Aim of the task -
Word-for-word repetition of the records below is needed, but only from the line holding "PA license plate MZI9198" through the final line, with pictures excluded.

Exercise inputs -
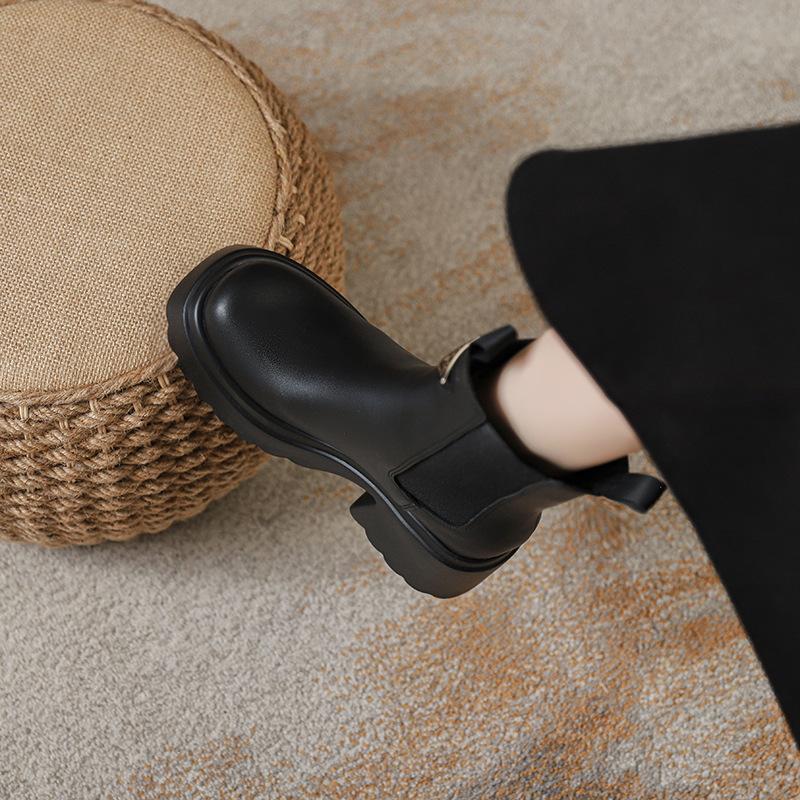 Thick-soled elastic thin Martin boots women's new versatile small inner height-increasing short boots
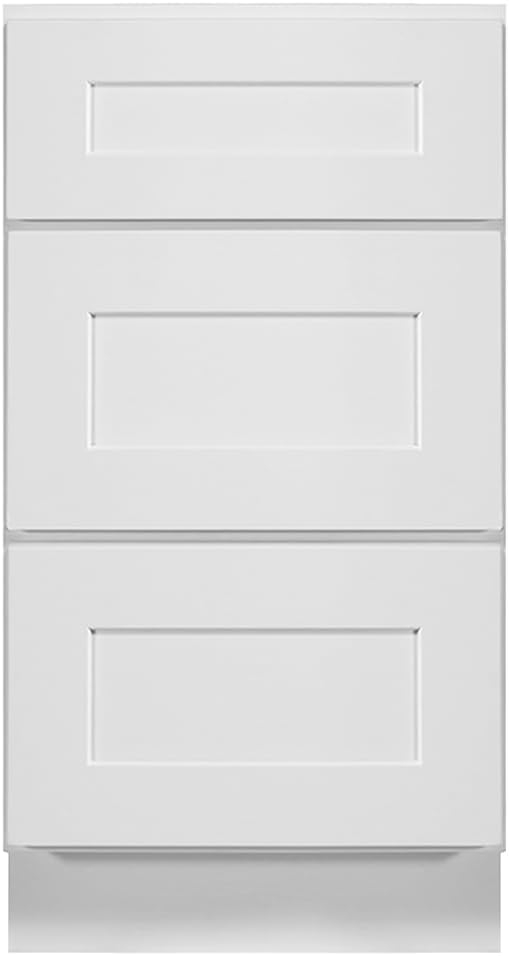 Brookings Shaker Unassembled Drawer Base Kitchen Cabinet 3DB18, 18 W x 24 D x 34.5 H, Painted White, Solid Wood, Design House, 561464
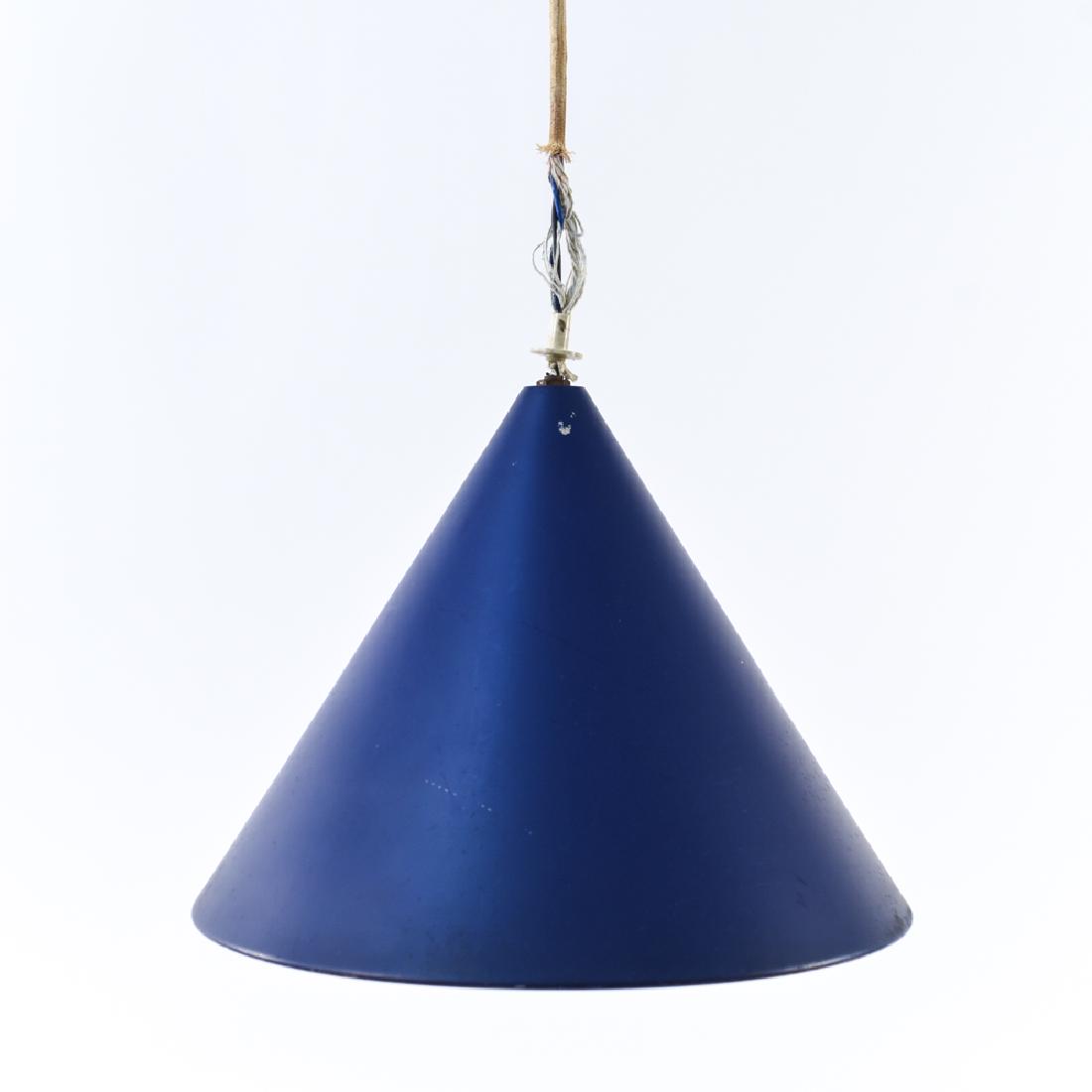MID-CENTURY BLUE CONE PENDANT LAMP: Dimensions: H 11" x Dia: 13.5" Condition: Needs new wiring, losses to paint.
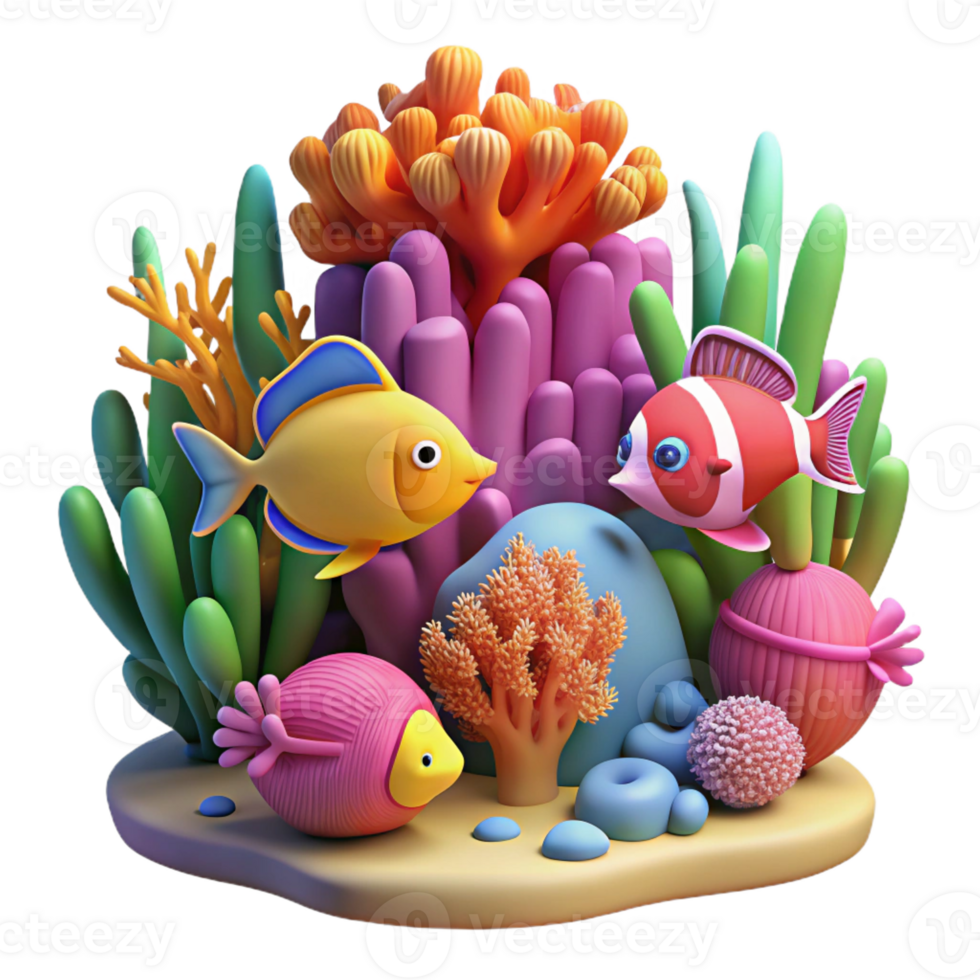 vibrant creative A Vibrant Coral Reef Teeming with high resolution png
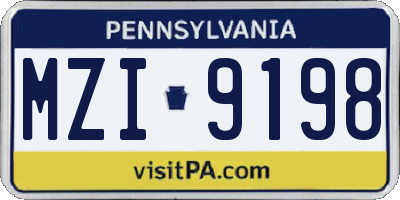 PA license plate MZI9198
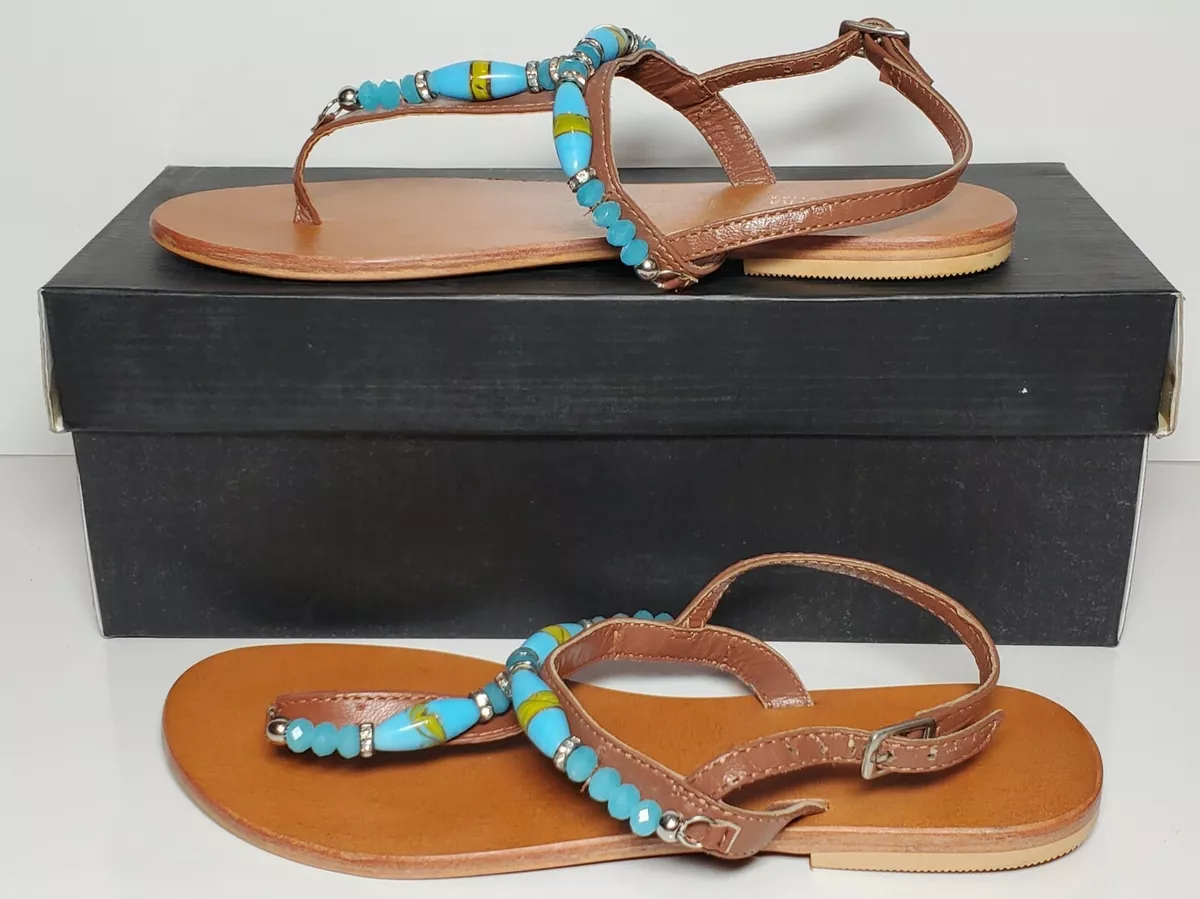Turquoise beaded sandals sale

Your solution -
 PA license plate MZI9198
Turquoise beaded sandals sale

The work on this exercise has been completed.